もしかしたら、あなたはテンプルズのことを見くびっちゃいませんか?確かに彼らはバーズや初期ピンク・フロイドを愛する60年代サイケ信奉者。でも、それだけじゃないんです。彼らの世界は、もっともっと泥沼のように深い。バンドのFacebookページに淡々とポストされ続けているユーチューブ動画を見てもわかる通り、彼らはフラワー・ムーヴメントから生まれた一連のバンド群だけではなく、イタリアン・プログレ、クラウト・ロック、そして近年のモダン・サイケまで、古今東西のマニアックなサイケデリック・ミュージックを掘って掘って掘りまくっている、生粋の音楽オタク。最高にセンスがいい、愛すべき趣味人。だから、彼らのルーツを紐解いていくこととは、サイケデリック・ミュージックの大海に身を投じるということなんです。そして、そのどこまでも深く、果てしない幻惑の世界を旅してみれば、きっとテンプルズの魅力を思わぬ角度から見つけられる可能性だってあるはずなんですよ。

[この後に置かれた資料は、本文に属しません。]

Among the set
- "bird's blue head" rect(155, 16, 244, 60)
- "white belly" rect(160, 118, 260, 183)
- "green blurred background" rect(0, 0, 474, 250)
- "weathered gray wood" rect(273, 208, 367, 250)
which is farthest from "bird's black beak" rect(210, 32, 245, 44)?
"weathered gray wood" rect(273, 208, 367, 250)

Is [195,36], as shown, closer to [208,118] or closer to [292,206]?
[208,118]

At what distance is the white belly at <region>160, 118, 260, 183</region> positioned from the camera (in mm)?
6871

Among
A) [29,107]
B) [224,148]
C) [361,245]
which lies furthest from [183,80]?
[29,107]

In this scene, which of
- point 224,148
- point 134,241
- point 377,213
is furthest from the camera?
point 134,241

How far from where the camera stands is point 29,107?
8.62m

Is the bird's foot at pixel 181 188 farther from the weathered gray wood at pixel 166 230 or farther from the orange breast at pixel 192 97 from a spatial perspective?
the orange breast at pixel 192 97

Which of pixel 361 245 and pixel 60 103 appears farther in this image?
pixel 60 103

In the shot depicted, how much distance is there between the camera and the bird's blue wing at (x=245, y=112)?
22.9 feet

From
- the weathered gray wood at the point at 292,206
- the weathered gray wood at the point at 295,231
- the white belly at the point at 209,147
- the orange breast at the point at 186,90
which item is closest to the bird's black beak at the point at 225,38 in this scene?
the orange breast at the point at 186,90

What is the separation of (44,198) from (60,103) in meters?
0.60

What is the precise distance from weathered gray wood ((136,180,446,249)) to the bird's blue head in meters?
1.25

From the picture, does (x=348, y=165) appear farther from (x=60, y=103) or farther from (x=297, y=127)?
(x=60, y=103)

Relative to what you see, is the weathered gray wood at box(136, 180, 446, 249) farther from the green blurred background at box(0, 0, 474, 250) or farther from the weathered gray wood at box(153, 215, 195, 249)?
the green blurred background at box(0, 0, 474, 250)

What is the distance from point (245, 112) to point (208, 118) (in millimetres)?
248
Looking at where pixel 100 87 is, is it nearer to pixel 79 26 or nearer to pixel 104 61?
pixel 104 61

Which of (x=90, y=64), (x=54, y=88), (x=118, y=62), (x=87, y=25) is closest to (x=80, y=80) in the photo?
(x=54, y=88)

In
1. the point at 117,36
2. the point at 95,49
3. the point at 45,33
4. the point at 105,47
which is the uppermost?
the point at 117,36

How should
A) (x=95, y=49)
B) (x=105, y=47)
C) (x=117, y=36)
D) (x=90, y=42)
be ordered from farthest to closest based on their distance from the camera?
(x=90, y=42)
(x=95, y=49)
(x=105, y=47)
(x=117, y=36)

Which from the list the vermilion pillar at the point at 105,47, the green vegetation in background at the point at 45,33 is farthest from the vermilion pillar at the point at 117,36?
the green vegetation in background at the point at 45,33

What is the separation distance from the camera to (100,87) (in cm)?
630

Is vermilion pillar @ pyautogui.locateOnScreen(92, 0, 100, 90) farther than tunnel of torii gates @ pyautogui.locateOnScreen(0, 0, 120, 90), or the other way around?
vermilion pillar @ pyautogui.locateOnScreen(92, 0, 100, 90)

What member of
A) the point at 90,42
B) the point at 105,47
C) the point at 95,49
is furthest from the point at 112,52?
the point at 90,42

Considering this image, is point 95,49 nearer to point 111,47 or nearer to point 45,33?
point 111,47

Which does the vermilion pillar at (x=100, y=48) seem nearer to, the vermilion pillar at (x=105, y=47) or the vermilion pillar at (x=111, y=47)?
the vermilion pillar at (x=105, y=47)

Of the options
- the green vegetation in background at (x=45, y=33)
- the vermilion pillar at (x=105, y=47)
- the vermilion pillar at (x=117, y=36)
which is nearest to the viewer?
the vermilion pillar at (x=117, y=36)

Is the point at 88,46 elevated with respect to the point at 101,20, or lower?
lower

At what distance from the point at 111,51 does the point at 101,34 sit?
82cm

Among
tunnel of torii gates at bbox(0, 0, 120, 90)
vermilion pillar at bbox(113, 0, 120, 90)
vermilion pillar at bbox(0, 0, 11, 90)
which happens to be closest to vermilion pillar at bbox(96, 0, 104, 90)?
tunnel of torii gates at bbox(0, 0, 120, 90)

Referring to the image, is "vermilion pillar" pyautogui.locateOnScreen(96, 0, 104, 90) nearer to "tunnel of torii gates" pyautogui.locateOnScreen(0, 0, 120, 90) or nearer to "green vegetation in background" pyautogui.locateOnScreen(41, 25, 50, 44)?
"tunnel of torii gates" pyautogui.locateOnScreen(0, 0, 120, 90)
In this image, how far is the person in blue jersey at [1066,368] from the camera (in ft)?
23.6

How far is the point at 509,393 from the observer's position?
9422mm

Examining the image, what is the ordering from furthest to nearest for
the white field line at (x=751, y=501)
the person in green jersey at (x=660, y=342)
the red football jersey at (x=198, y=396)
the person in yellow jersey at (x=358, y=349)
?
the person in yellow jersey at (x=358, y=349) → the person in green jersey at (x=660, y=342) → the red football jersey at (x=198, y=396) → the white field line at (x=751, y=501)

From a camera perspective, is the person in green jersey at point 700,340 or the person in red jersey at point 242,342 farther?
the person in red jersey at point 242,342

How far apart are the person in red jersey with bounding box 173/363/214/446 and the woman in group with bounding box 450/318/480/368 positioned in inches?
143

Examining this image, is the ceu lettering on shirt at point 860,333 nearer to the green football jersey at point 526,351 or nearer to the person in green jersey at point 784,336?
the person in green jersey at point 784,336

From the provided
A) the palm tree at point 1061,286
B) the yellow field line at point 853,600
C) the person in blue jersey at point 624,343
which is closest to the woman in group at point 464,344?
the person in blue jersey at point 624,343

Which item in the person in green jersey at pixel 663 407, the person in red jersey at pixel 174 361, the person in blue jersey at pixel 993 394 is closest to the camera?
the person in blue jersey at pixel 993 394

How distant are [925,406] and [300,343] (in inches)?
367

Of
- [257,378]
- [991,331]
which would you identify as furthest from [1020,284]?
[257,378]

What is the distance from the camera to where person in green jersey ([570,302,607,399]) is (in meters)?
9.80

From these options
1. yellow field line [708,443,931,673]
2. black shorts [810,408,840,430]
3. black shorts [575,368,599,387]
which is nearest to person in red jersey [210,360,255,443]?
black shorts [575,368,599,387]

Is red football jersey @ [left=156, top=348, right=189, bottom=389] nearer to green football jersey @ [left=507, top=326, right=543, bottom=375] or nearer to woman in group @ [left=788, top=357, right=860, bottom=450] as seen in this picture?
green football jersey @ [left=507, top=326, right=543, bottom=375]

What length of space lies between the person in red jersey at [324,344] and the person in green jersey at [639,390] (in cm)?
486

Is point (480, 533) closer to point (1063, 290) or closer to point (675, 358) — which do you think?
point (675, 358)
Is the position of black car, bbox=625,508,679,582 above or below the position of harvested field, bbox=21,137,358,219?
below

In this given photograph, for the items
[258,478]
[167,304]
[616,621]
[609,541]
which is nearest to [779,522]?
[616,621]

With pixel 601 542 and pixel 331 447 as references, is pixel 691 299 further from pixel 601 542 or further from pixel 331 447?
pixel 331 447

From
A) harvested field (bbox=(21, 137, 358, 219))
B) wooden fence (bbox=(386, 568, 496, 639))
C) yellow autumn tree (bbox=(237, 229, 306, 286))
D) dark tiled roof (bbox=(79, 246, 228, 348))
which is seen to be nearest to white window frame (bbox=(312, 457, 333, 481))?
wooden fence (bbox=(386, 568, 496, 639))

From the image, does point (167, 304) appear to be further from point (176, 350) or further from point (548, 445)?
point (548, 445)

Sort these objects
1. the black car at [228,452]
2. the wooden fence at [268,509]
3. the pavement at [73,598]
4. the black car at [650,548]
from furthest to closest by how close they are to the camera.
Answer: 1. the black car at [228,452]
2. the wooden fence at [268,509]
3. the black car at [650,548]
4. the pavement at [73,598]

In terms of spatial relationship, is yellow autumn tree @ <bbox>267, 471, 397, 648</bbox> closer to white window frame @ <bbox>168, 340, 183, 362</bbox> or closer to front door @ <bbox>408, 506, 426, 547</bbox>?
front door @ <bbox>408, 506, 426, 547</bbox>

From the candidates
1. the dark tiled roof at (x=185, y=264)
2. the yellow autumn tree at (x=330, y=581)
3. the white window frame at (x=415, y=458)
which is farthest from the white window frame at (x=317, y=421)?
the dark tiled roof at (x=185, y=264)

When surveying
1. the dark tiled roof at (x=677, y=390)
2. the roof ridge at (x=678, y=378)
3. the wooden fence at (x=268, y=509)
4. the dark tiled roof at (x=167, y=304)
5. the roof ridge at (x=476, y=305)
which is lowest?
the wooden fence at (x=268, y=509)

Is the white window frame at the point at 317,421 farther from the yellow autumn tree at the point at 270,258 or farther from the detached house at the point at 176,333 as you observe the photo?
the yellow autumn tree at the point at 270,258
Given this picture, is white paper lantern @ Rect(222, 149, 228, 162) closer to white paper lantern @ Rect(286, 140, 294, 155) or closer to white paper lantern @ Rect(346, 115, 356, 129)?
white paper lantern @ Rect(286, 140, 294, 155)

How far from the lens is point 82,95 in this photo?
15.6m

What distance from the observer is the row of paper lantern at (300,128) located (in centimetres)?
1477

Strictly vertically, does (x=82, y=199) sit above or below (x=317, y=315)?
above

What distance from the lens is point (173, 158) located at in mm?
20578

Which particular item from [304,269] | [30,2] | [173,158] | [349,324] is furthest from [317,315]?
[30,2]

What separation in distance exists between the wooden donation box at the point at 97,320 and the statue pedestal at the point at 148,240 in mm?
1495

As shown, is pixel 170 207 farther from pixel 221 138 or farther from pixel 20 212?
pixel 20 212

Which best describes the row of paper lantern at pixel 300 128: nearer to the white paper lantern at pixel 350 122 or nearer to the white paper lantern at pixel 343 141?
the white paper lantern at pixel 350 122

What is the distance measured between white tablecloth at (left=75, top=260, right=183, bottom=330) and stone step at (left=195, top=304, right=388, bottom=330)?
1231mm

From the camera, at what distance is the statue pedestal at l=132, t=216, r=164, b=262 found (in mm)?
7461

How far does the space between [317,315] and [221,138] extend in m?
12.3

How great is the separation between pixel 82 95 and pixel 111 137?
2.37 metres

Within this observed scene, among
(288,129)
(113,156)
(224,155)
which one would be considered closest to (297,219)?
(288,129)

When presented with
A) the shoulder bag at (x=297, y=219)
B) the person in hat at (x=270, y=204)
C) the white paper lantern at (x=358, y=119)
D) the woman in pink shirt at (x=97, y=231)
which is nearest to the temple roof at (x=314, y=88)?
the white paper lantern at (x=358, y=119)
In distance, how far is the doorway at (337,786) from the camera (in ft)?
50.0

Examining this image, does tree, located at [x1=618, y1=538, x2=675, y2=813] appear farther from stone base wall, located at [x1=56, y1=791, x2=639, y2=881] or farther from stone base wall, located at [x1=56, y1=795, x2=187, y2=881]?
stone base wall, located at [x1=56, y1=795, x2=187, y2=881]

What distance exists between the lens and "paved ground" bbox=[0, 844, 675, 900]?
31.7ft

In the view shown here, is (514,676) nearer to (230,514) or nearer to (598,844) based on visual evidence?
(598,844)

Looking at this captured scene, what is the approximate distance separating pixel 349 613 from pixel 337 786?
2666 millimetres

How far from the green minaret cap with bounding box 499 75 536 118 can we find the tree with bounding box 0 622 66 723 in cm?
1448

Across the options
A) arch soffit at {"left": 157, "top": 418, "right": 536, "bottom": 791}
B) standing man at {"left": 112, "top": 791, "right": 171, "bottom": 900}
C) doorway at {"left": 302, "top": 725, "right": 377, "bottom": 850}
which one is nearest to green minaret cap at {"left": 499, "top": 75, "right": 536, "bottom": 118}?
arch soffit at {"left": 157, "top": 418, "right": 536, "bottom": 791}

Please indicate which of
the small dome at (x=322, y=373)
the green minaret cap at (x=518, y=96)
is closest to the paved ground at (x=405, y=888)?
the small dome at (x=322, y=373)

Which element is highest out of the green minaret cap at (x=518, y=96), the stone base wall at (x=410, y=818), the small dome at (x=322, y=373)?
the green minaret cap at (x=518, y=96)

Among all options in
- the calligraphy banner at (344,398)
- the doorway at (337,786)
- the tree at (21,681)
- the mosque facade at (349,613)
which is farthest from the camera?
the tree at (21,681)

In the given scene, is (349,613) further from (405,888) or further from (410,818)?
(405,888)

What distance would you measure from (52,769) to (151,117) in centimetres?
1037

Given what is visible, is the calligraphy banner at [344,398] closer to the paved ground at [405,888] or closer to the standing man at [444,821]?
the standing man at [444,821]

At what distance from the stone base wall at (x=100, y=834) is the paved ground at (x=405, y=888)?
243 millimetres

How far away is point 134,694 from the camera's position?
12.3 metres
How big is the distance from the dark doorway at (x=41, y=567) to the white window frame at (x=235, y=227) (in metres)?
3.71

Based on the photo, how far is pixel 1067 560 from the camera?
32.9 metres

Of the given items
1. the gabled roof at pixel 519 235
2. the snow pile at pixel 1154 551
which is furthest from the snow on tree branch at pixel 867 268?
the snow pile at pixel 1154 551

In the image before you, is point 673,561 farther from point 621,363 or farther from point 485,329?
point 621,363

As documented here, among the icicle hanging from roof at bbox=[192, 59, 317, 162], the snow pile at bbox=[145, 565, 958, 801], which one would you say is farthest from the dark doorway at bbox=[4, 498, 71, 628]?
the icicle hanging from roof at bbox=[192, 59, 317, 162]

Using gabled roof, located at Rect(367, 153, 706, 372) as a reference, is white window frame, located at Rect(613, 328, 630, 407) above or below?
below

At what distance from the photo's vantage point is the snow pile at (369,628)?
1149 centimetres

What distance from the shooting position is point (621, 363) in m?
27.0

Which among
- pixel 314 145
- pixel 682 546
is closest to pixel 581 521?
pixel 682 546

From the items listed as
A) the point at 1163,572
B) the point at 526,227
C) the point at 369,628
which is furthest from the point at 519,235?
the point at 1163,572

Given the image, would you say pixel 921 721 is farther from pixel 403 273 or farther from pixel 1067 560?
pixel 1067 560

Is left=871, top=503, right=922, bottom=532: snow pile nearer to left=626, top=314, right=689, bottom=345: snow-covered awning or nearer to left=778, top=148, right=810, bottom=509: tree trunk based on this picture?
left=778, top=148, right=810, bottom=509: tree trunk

なので、彼らのルーツを探るべく、早速行ってみましょう。東京公演が即日完売になったジャパン・ツアー真っ只中に公開する第一弾は、初級編ということで、まずはマストで押さえておきたい6曲を清水祐也さんに紹介してもらっています。もし好評だったら、また折を見て、中級編、上級編と作っていくかもしれません。とは言っても、まあ、続編に関しては、本当に気長に見ておいてほしいんですけど。

さて、前置きが長くなり過ぎてしまう前に、そろそろ始めましょうか。これを読めばわかる、テンプルズの作り方。初級編スタートです。(小林祥晴)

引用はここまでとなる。